Groucho Marx had a 72 year career. Going from vaudeville, to radio, to movies like “Duck Soup” and “A Day at the Races,” to the TV show “Bet Your Life,” Groucho kept audiences laughing.
As an admirer of Groucho Marx’s comedic genius, I was interested to speak with Ferrante about his one-man show.
I was a long time fan of the Marx Brothers, especially Groucho and the comedy of that era. From the time I was nine years old and saw the movie “A Day at the Races”, the madness and freedom of the Marx Brothers exhilarated me and I never laughed so hard. It made a real impact on me and I wanted to be part of that world.
Groucho’s son Arthur Marx discovered you, how did that come about?
I created a show about Groucho as a senior project at the University of Southern California where I was a drama student in the mid 1980’s. I was able to produce, direct and create the whole show. It became kind of a big deal and I ended up inviting Groucho’s son and daughter and they actually showed up.
It was a very successful show and afterward Arthur Marx, who was a playwright, said “If I ever do a show about my dad I want to use you.”
And he did.
The year I graduated in 1986, there I was in an off-Broadway show “Groucho: a Life in Review” in which I played Groucho from age 15 to 85. And that show went to London. The reviews were incredible and it (and Ferrante) received a lot of awards and award nominations. It was a very heady experience.
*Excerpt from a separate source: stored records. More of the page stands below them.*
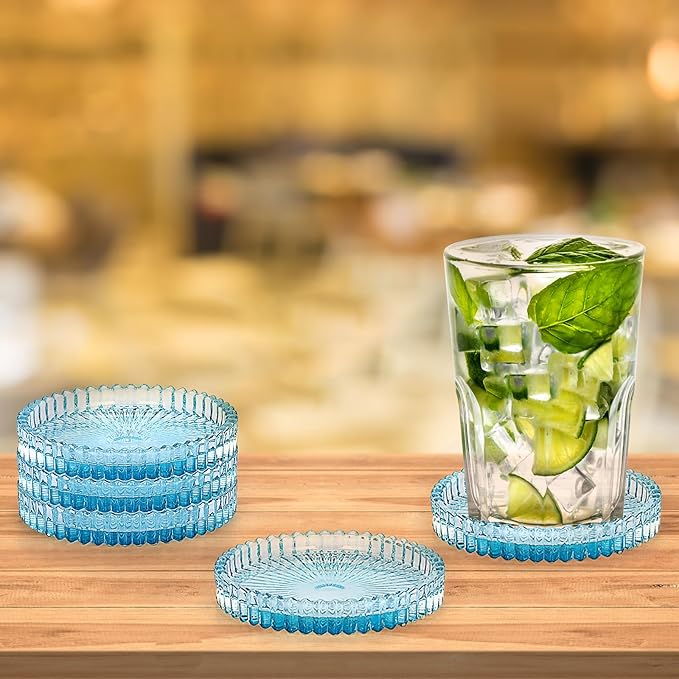 JUXYES 5 Pack Clear Blue Crystal Coasters Round Cup Mat, Glass Coasters for Drinks Coffee Tea Wine, Decorative Wine Bottle Coaster, Crystal Drink Coasters for Restaurant bar Kitchen Dining Table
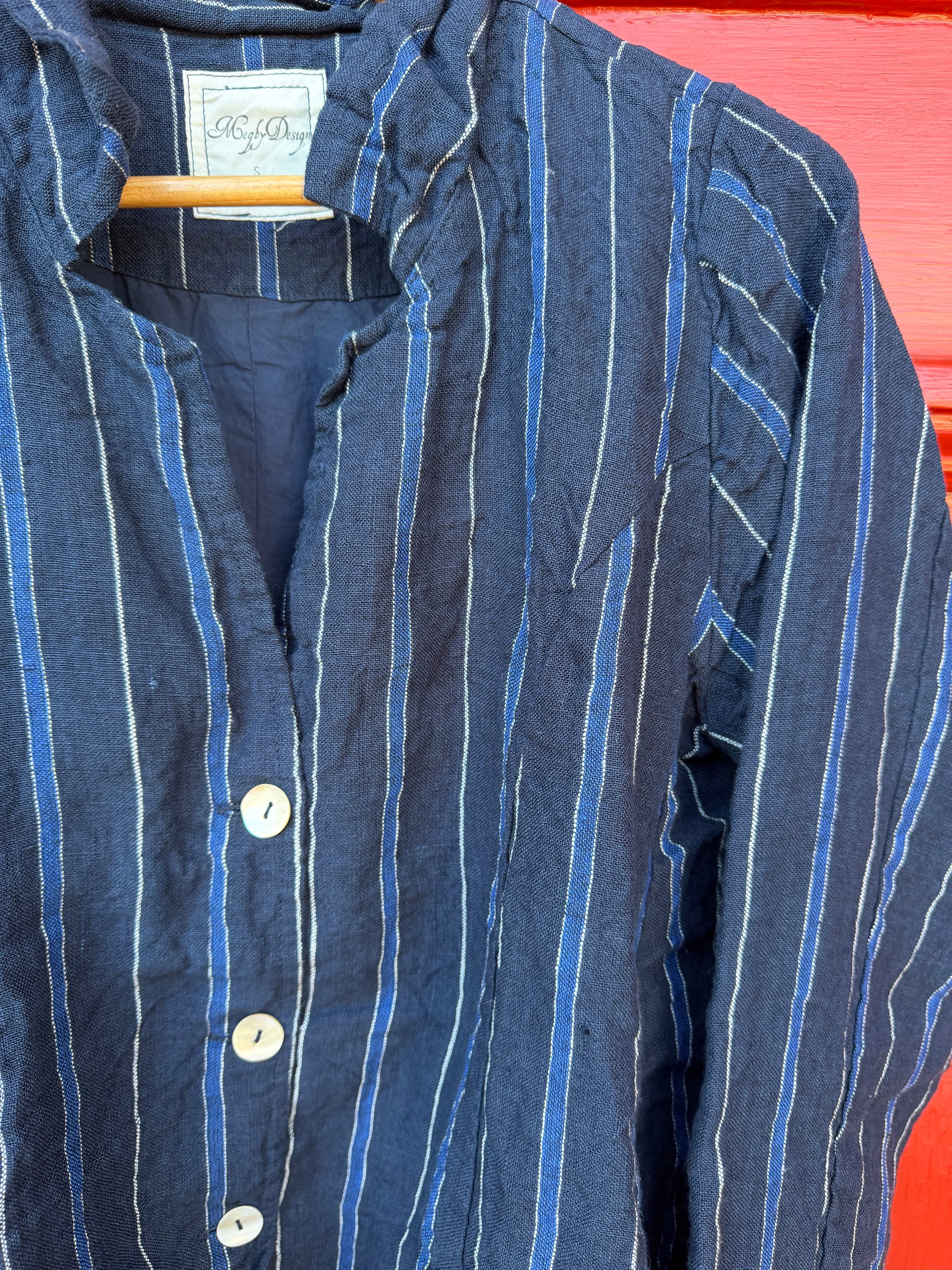 Baridi Jacket - Linen - navy stripe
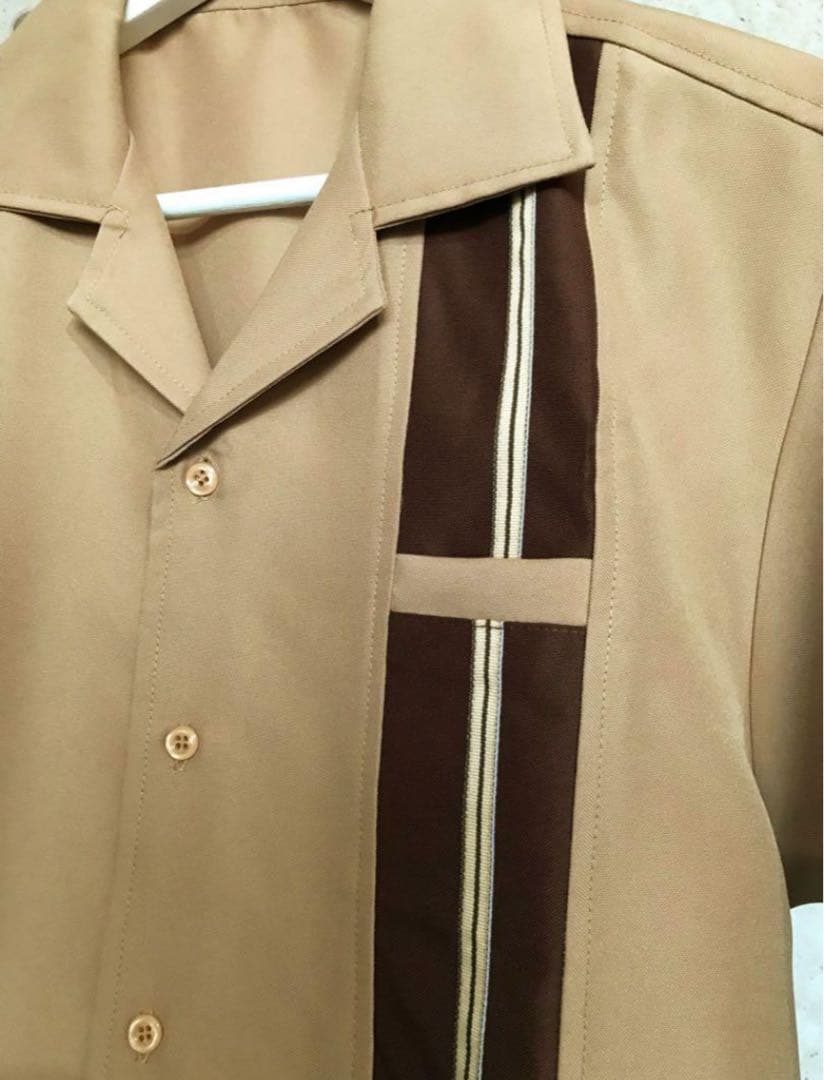 グリーンスパンズ　ベージュ ストライプ 半袖シャツ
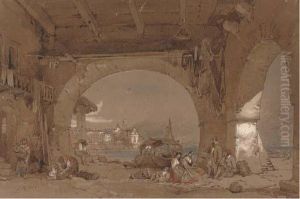 Venetians Resting Under The Arches by Samuel Prout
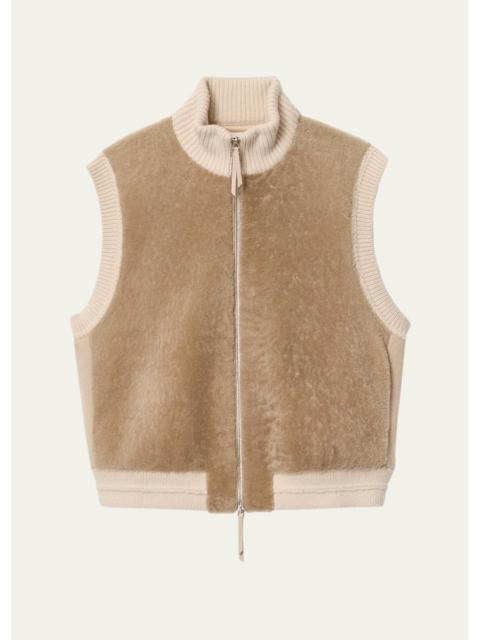 Lafayette 148 New York x The Morning Show Shearling & Camel Hair Vest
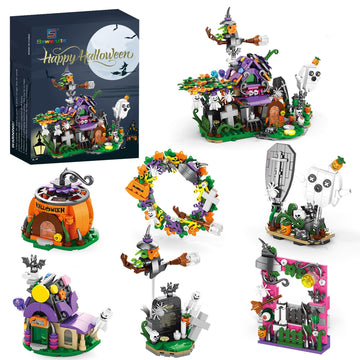 Sawaruita Halloween Haunted House Village Building Set for Kids -Halloween Toys Ghost Pumpkin Building Kit for Kids Party Favors for Goodie Bags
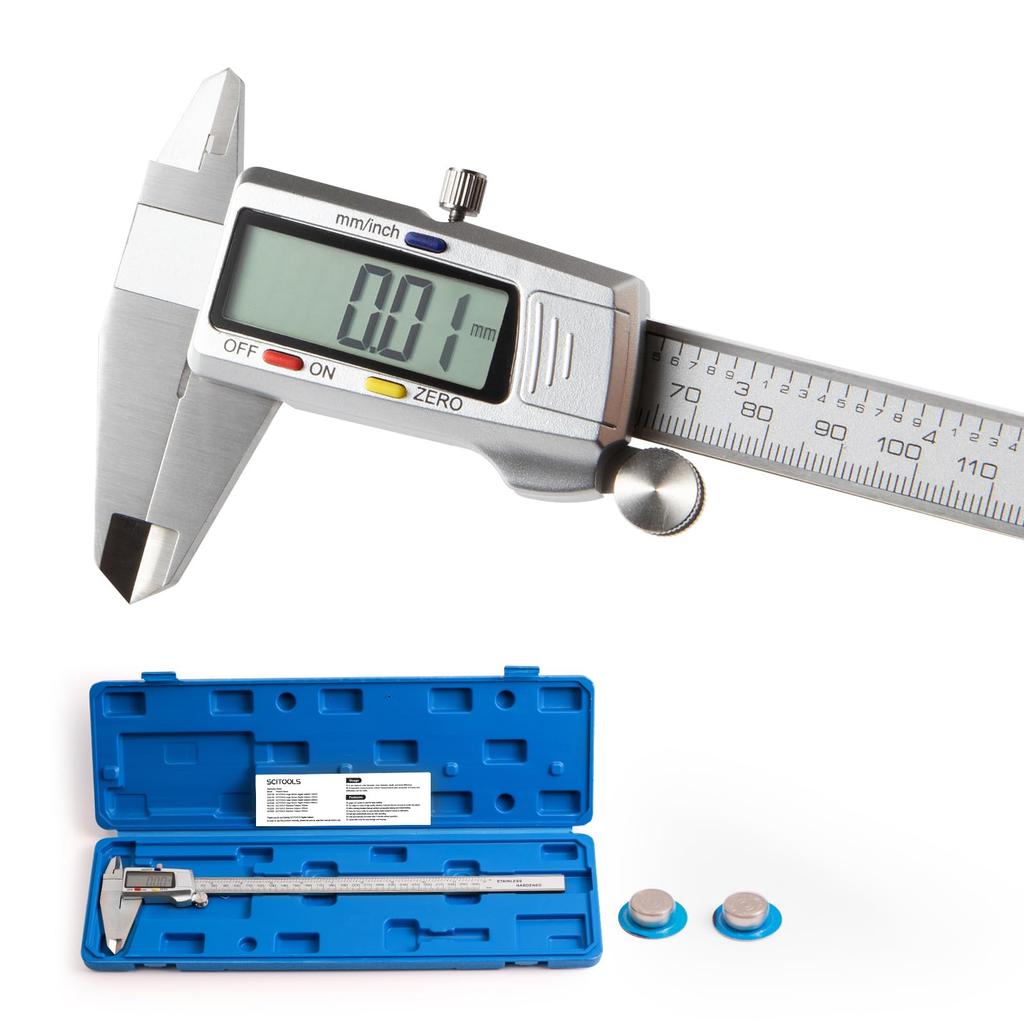 SCITOOLS 300mm Stainless Steel Digital Caliper with Metal Scale and ABS Resin LCD High Accuracy Includes Storage Caliper for Measuring Inner and Outer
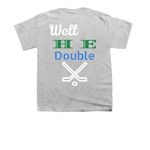 He double hockey sticks, a Sport Grey Youth Unisex Tee (back-view)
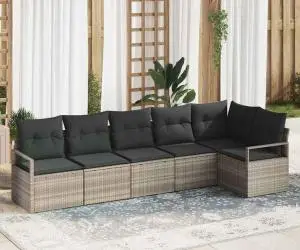 Set canapea de grădină vidaXL 6 piese cu perne gri din ratan poli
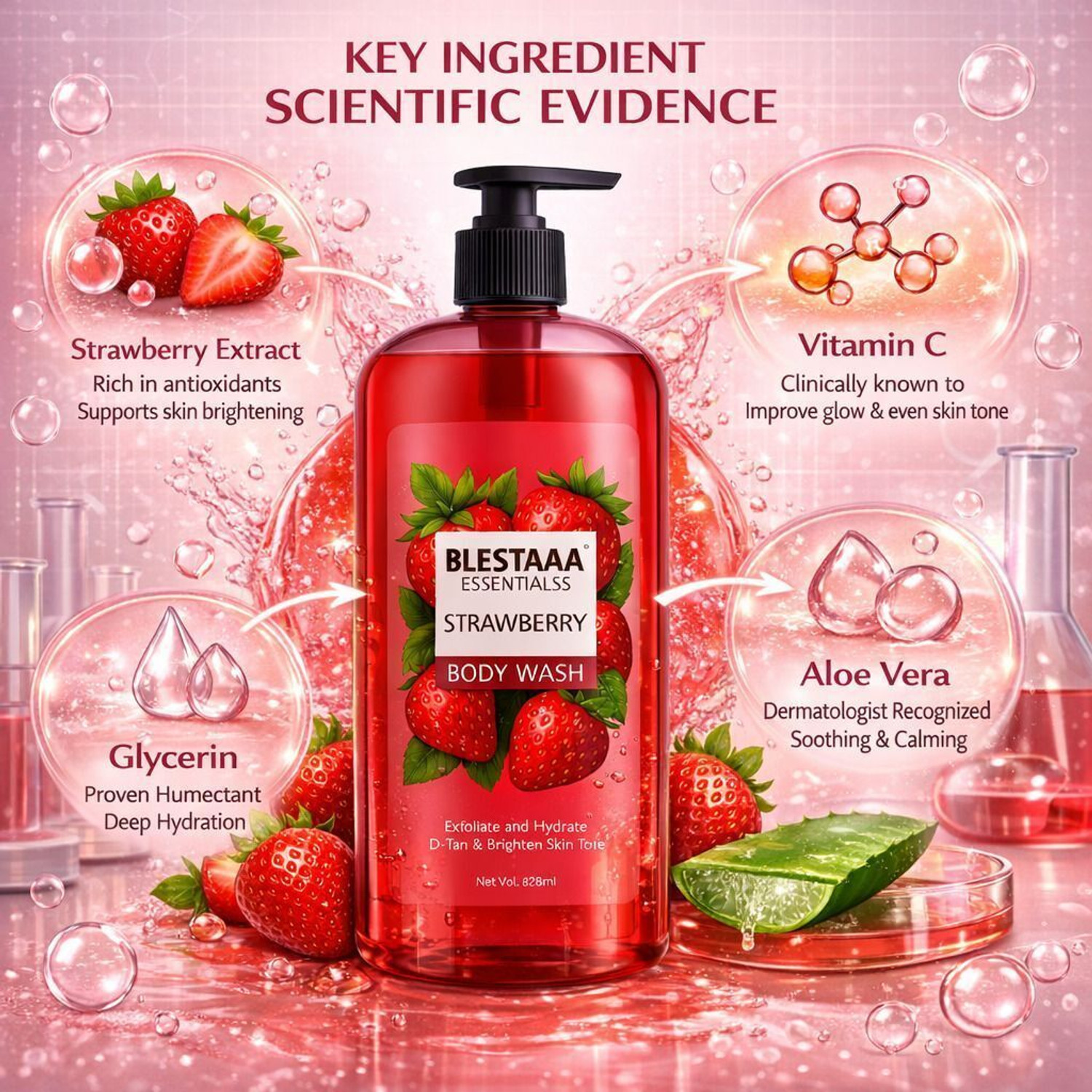 Image of blestaaa essentialss SkinLove Juicy Strawberry Body Wash - Sulfate-Free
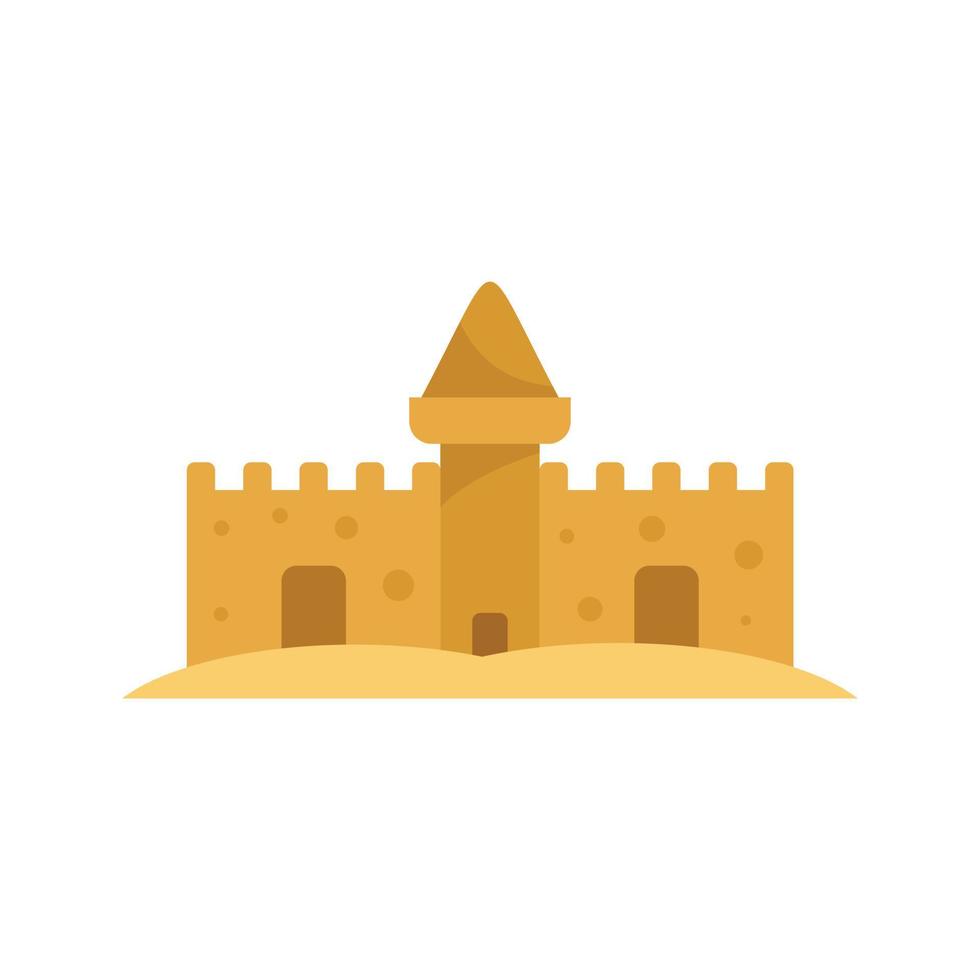 Fairytale sand castle icon flat isolated vector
Then in 1999 we filmed it for PBS at the Westport Country Playhouse and that became a National Pledge Break PBS special.
What did you learn from Groucho, so to speak?
I am extraordinarily grateful to him. I learned what a craftsman he was and he was relentless. He never quit. He was working and inspiring until his passing at 86 in 1997.
I am very close to his daughter Miriam (who is is 89.) His son Arthur and I were friends for 26 years. He passed away a few years ago. My respect for Groucho is reflected in my relationship with his two children.
Is there a secret to his success?
I don’t know that there was a secret. I think it was survival. He was very poor and there was a lot to lose. I think he was savvy about his persona being a wise guy. He had an honesty and a truth telling and that’s refreshing.
What should the audience in Ridgefield expect?
I try to exhilarate. The premise is: “What if Groucho had had a one-man show in 1934?” There are songs from his Broadway shows and movies. There are the one liners, but it is also anecdotal with stories about his brothers and others. What makes it electric is my interaction with the audience. I improvise parts. Spontaneity was his hallmark.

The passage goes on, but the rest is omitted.